SUPPLIED INFORMATION Block Start
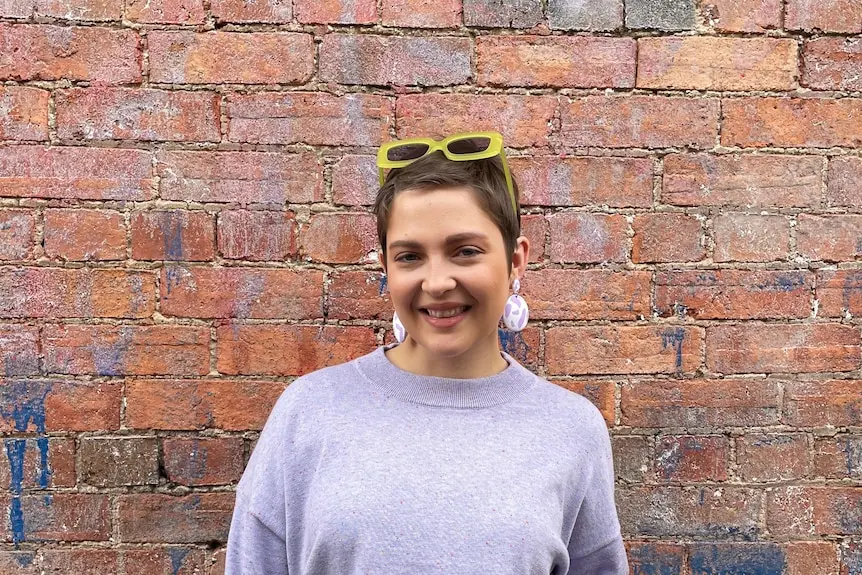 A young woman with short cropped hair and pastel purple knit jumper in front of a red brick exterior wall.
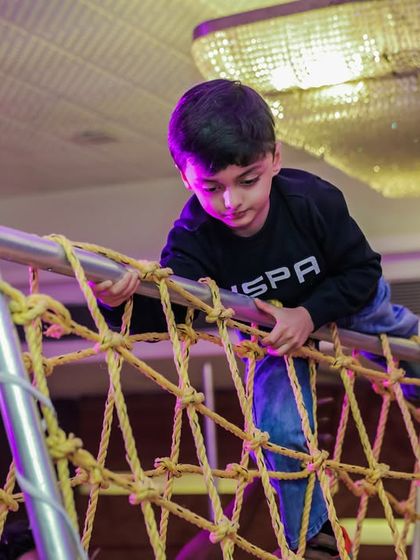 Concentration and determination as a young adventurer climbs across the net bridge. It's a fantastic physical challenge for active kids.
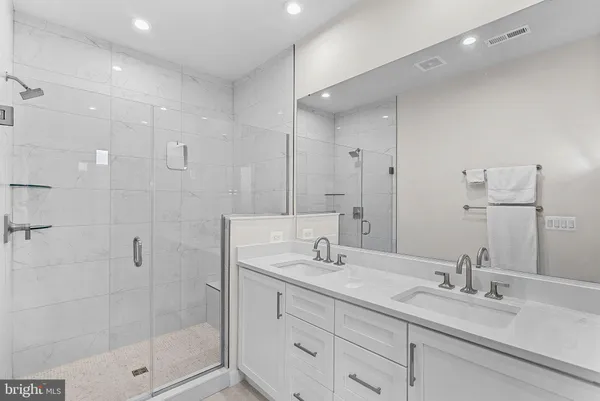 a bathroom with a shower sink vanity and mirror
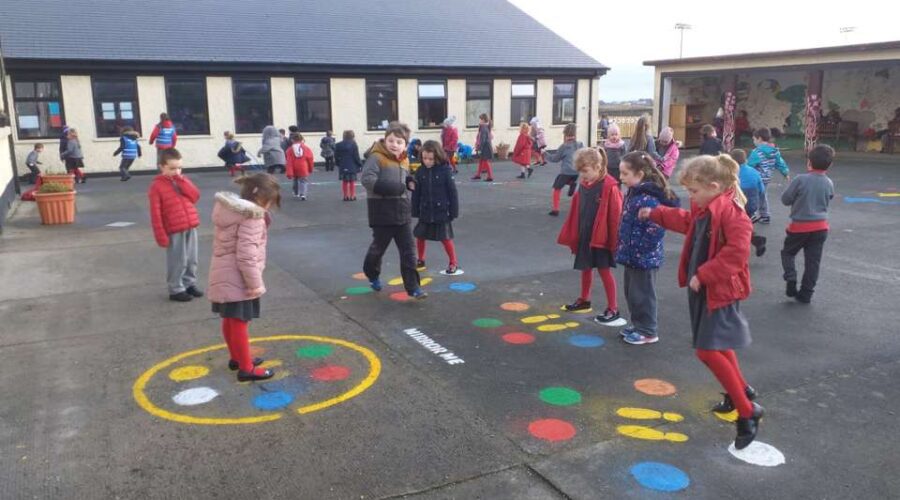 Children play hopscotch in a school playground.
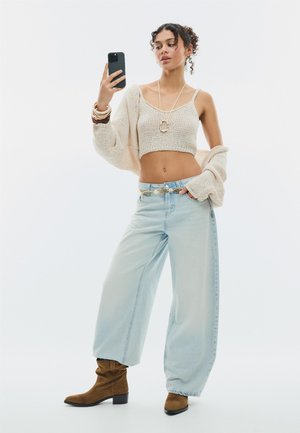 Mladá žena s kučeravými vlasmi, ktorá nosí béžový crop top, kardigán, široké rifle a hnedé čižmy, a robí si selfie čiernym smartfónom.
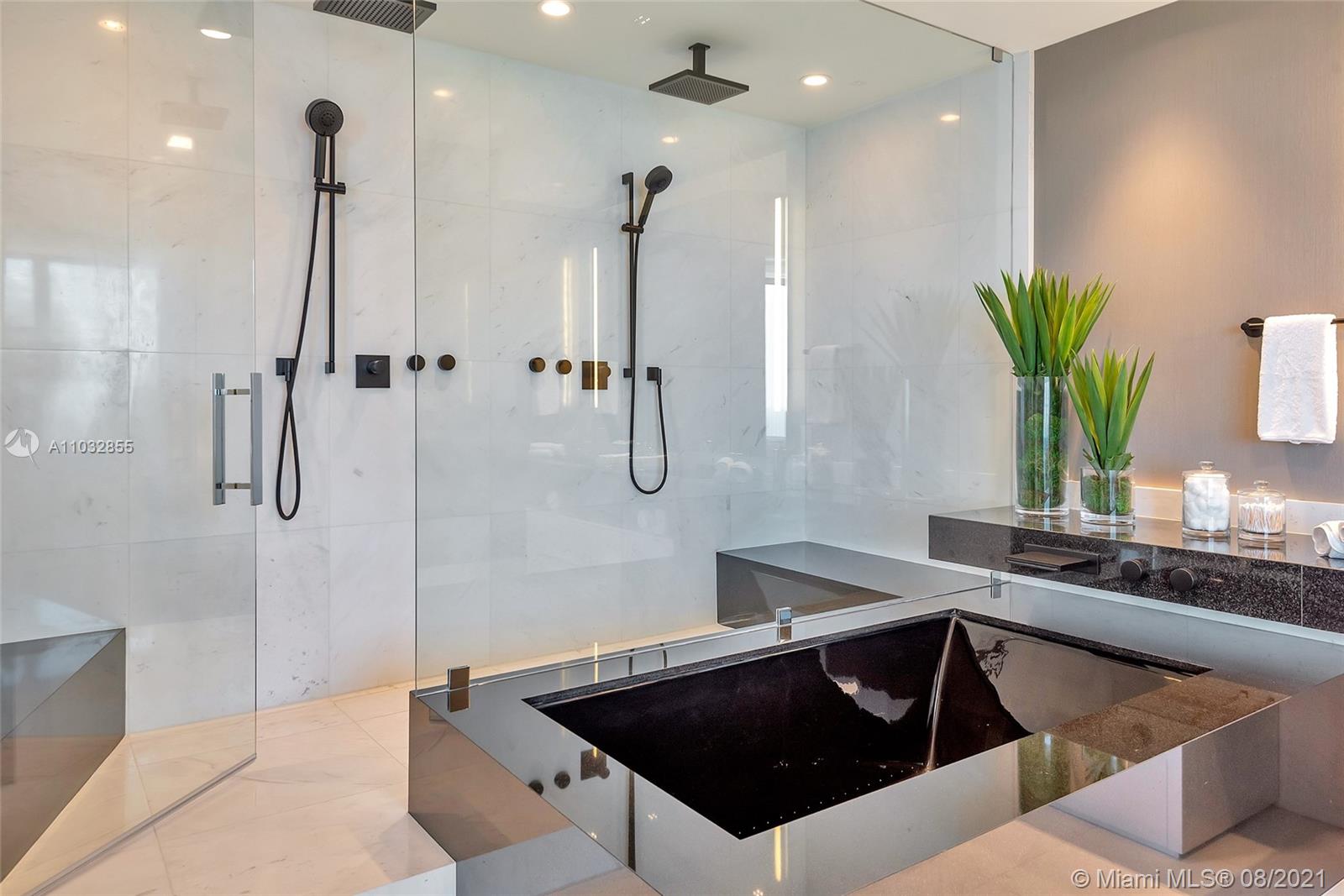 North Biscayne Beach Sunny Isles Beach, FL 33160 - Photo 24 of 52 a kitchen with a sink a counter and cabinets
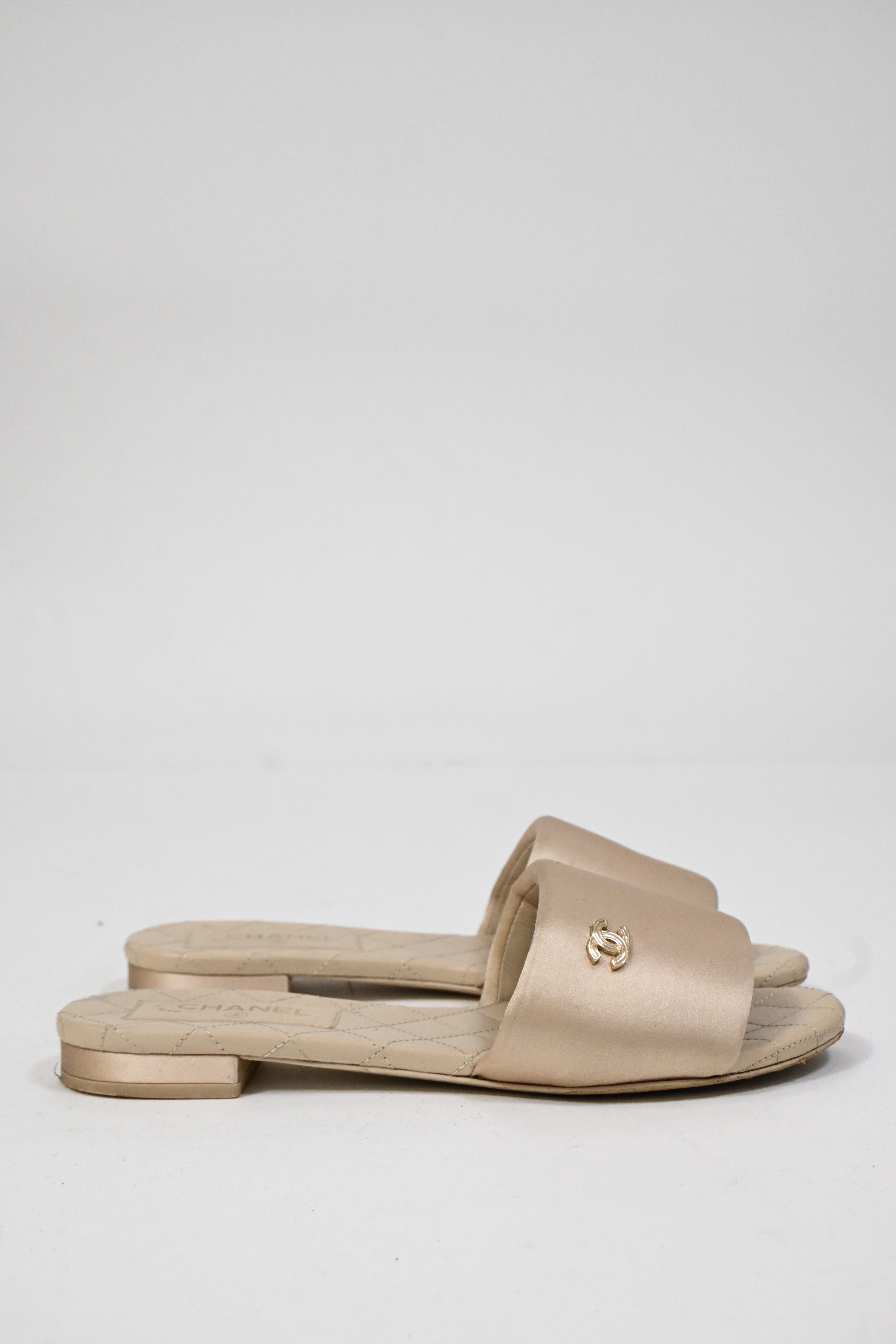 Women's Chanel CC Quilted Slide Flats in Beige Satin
SUPPLIED INFORMATION Block End
SUPPLIED INFORMATION Block Start
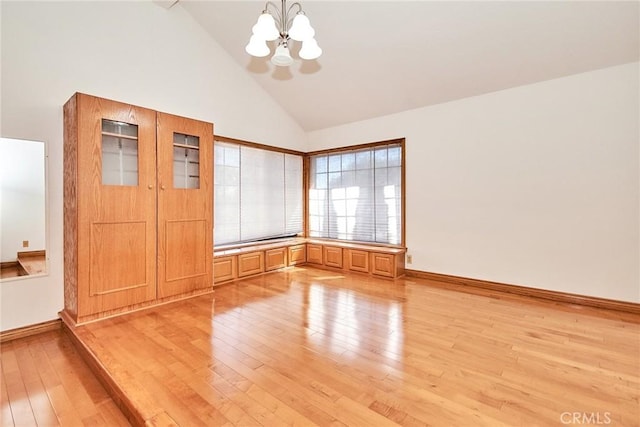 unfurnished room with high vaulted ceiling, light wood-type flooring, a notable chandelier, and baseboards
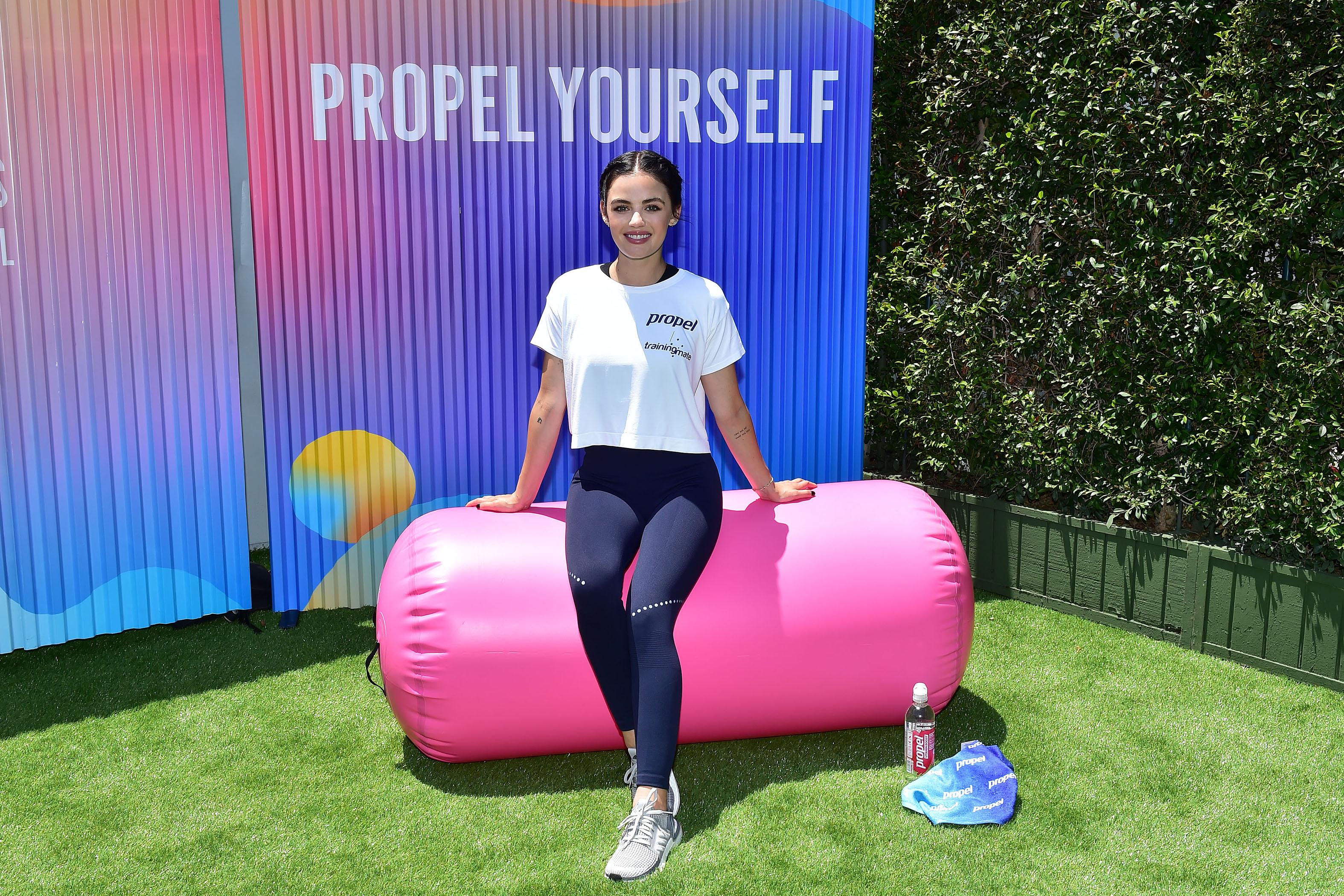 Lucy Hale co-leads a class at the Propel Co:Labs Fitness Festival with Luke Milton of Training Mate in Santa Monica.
SUPPLIED INFORMATION Block End
WHAT YOU HAVE TO DO:
Word for word, restate the lines above from the one with "North Biscayne Beach" through the one with "Women's Chanel CC", keeping both ends and dropping the pictures.

RESPONSE BELOW:
 North Biscayne Beach Sunny Isles Beach, FL 33160 - Photo 24 of 52 a kitchen with a sink a counter and cabinets
 Women's Chanel CC Quilted Slide Flats in Beige Satin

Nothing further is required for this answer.